Kyrgyzstan poised to hide public procurement information
Backers of the move say it will cut down on bureaucracy.

The president of Kyrgyzstan has approved legislation allowing state-controlled companies to purchase goods and services without having to organize a public tender, a measure officials say will save time and reduce bureaucracy.
Opponents of the move, however, are furious and argue it will allow for a surge in corruption.
Before President Sadyr Japarov approved the legislation on April 15, almost all purchases made by entities with a 50 percent or more share owned by the government had to be advertised online and go through a bidding process.
In cases of an urgent procurement process for transactions worth less than 5 million som ($61,000), a tender could be foregone, although the notice nevertheless had to be posted online. Transactions that needed to be kept secret for security reasons were also exempt from transparency rules.
Now, procurement notices from companies like Kumtor, which runs the country’s largest goldmine and has been fully taken over by the government, the state mining company, and international air terminal operators will be required to advertise tender notices on a site viewable by only a limited array of suppliers.
“In a month, [the law] will come into force. Mechanisms designed to exclude corrupt practices will be implemented. Every decision will be taken along the principle of ‘measure twice cut once,’” Japarov wrote on his Facebook account on April 16.
Although the previous system formally provided for some degree of transparency, the public procurement website was far from ideal. The results of tender awards and application criteria for aspiring contract winners were routinely not published. It is also alleged that some tender applicants used to make multiple bids under different company names to improve their chances and create the impression of genuine competition.
These shortcomings notwithstanding, the public procurement website has often enabled journalists to ferret out suspicious practices.

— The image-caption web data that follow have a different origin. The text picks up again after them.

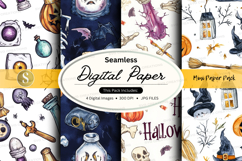 Halloween digital paper Product Image 1
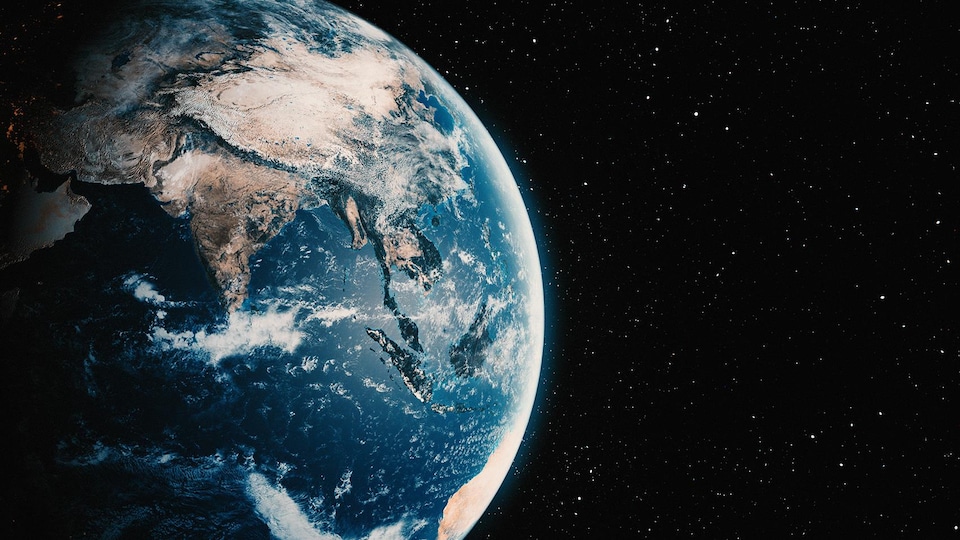Illustration artistique de la planète Terre.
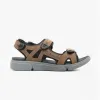 Hush Puppies CASTRO Mens Sandals Brown sold by Shuperb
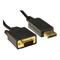 Cables Direct 5m DisplayPort to HD15 VGA M-M Cable Black - B/Q 35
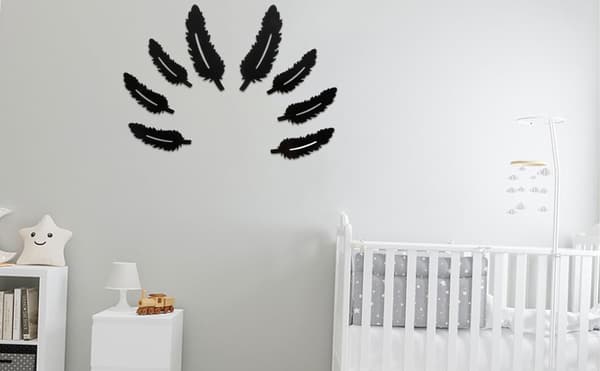 14 Pieces Feather Car Decals (Laser), Feather Shaped Decals, Feather Decorative Decals, Vinyl Autom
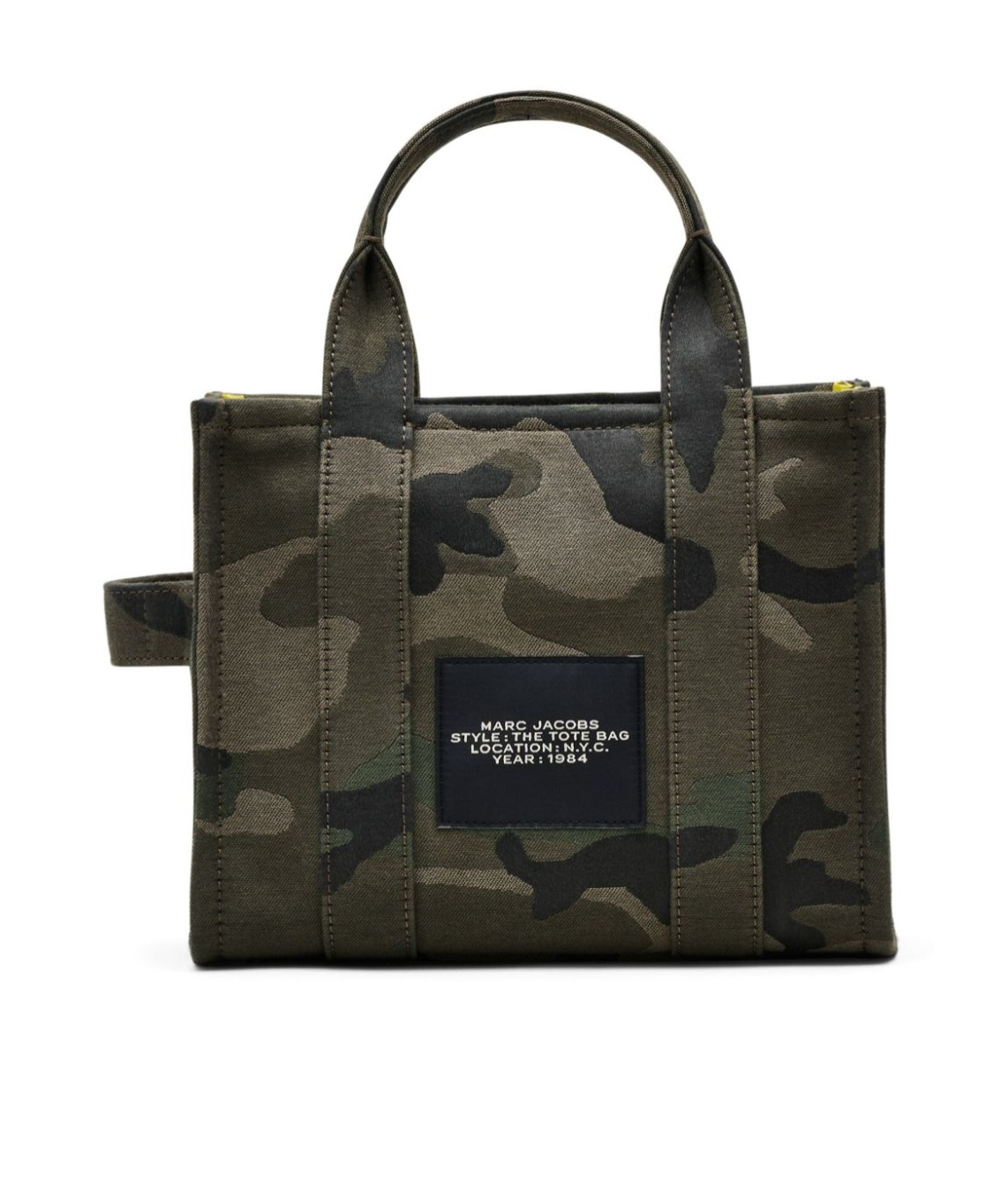 Marc Jacobs Womens Camo Multi The Camo Jacquard Medium Tote Bag In Black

In July 2021, a team led by investigative journalist Bolot Temirov used it to discover that Uuna, a state-controlled company that issues driving licenses and car plates, had awarded a lucrative contract to a company affiliated to the daughter of an intimate acquaintance of President Japarov.
A group of civil activists and lawyers has spoken out against the new legislation, arguing that it will only fuel corruption and enrich cronies.
“Joint-stock companies, and state and municipal enterprises will conduct closed purchases, awarding contracts only to their favorite providers, and share the spoils with them by providing kickbacks,” they said in an open letter to the president on April 9.
The letter states that state-owned companies and government agencies annually make purchases worth around 25 billion som ($307 million) and that about 40 percent of those expenditures is decided through public procurement. Opening contracts for public bidding saved the state more than 3 billion som in 2020, the activists maintained.
Parliament was cursory in its scrutiny of the legislation. Deputies approved it in several readings on April 6. Opponents of the initiative could be counted on one hand. One of them was Dastan Bekeshev, who said the legislation threatened to tip Kyrgyzstan back into the 1990s and that it would present an opening for corruption.
“Now we won’t know what they are buying, at what price and from whom,” he said in parliament. “Because they [state companies] will cite commercial confidentiality. I as a lawmaker and citizens cannot find out what corruption is going on.”